__STORED DATA__:
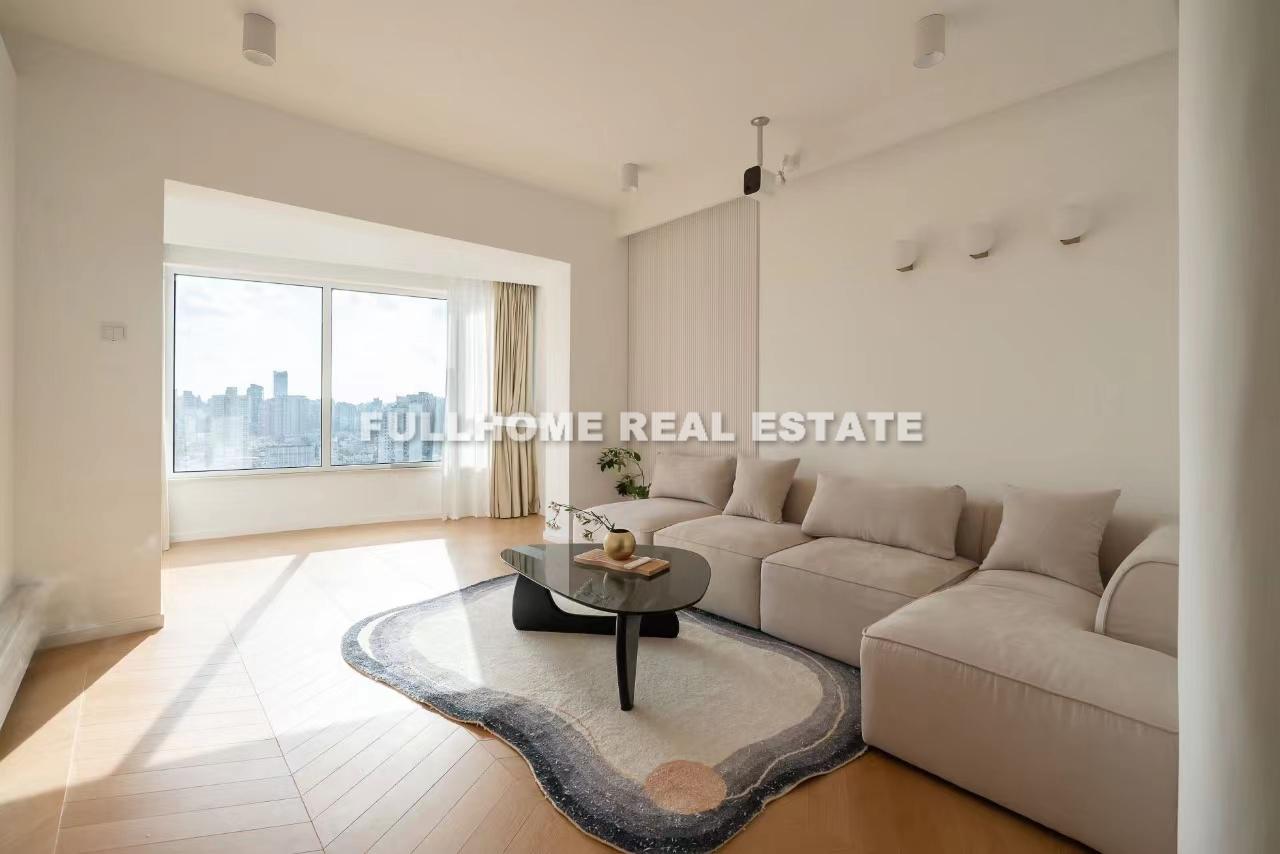 One Park Avenue - 2 bedroom apartment in Shanghai, Jing An, Downtown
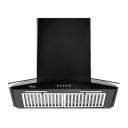 Hindware Fabio 1100 m³/hr 60cm Wall Mount Chimney (C100317)...
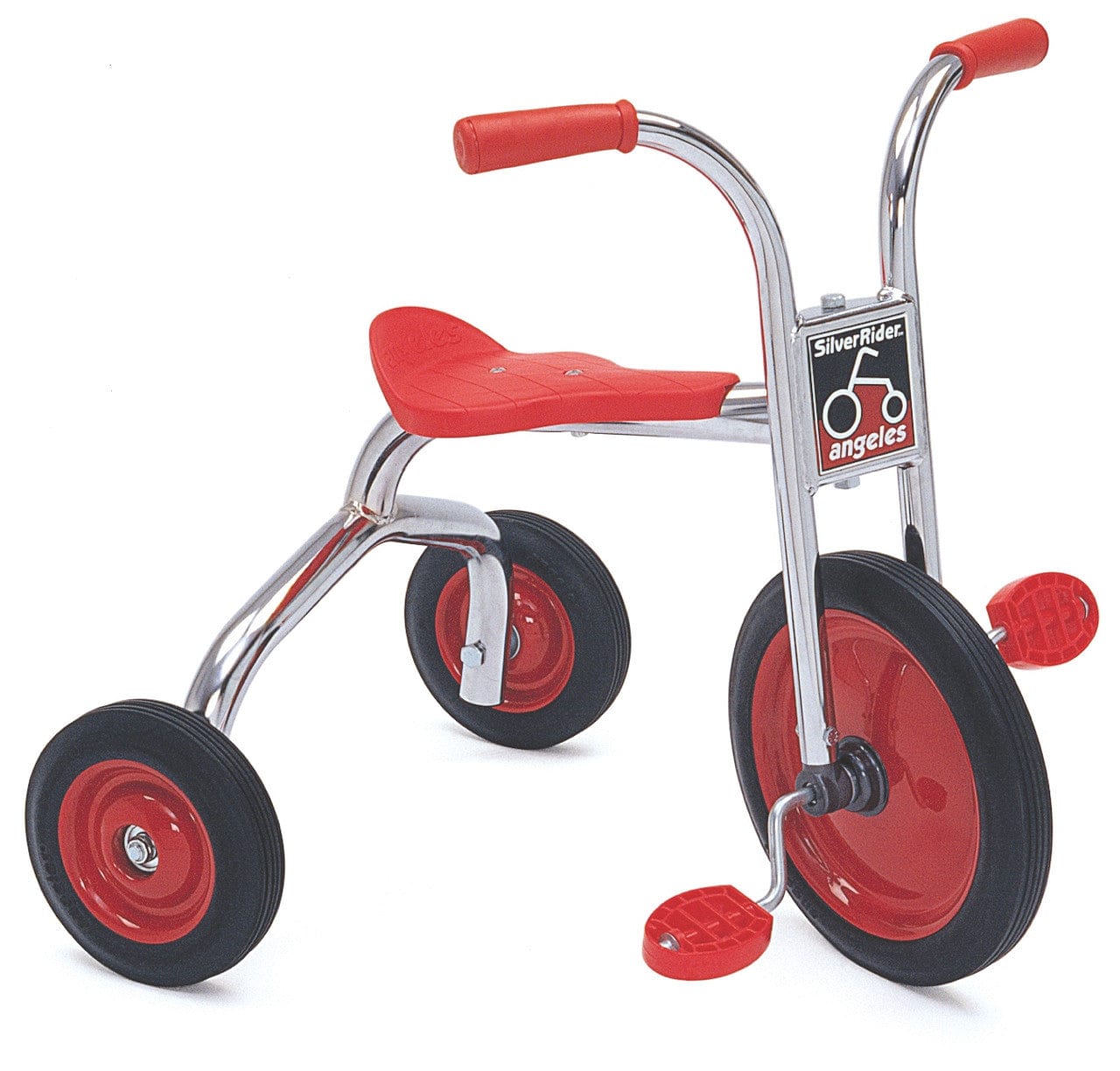 Angeles SilverRider® Trike - Premium Adult Tricycle for Seniors & Adults - Comfortable 3-Wheel Bike for Exercise, Recreation & Outdoor Riding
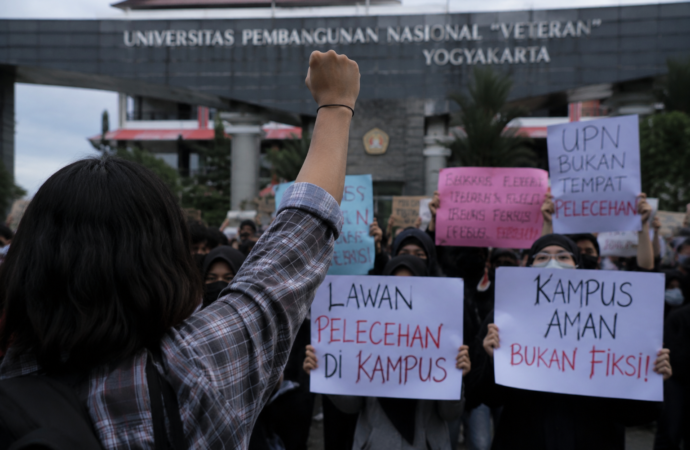 DPR Desak Kemendiktisaintek Usut Dugaan Pelecehan di UPN Jogja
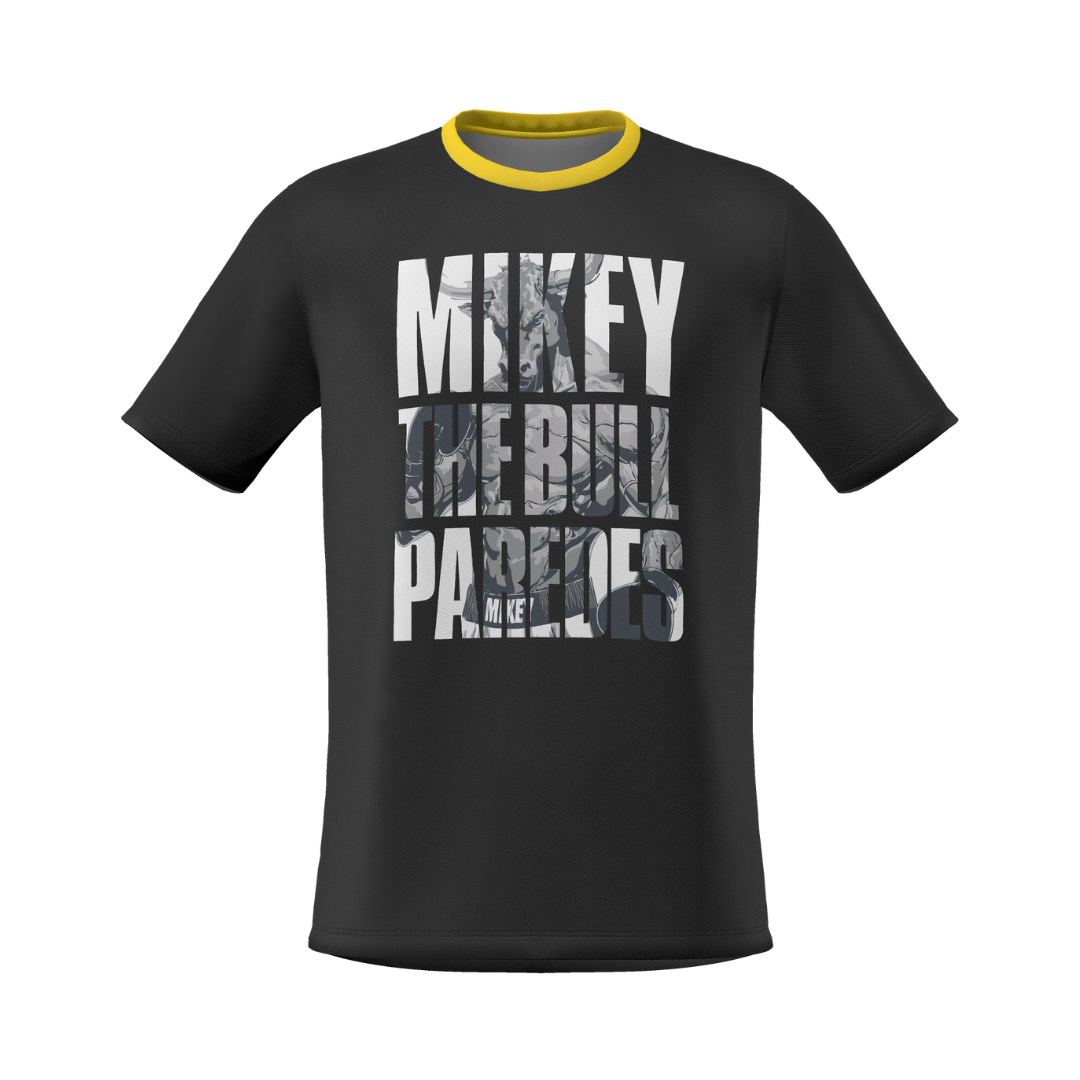 MIKEY &quot;THE BULL&quot; PAREDES T-SHIRT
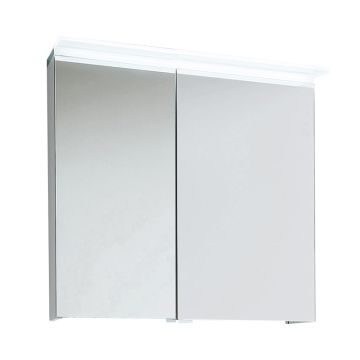 Puris Aspekt Spiegelschrank - 90 cm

__PROMPT__:
Nothing but the lines from the one containing "DPR Desak Kemendiktisaintek" through the last line of the records above should appear, each repeated exactly, with no pictures.

__OUTPUT__:
 DPR Desak Kemendiktisaintek Usut Dugaan Pelecehan di UPN Jogja
 MIKEY &quot;THE BULL&quot; PAREDES T-SHIRT
 Puris Aspekt Spiegelschrank - 90 cm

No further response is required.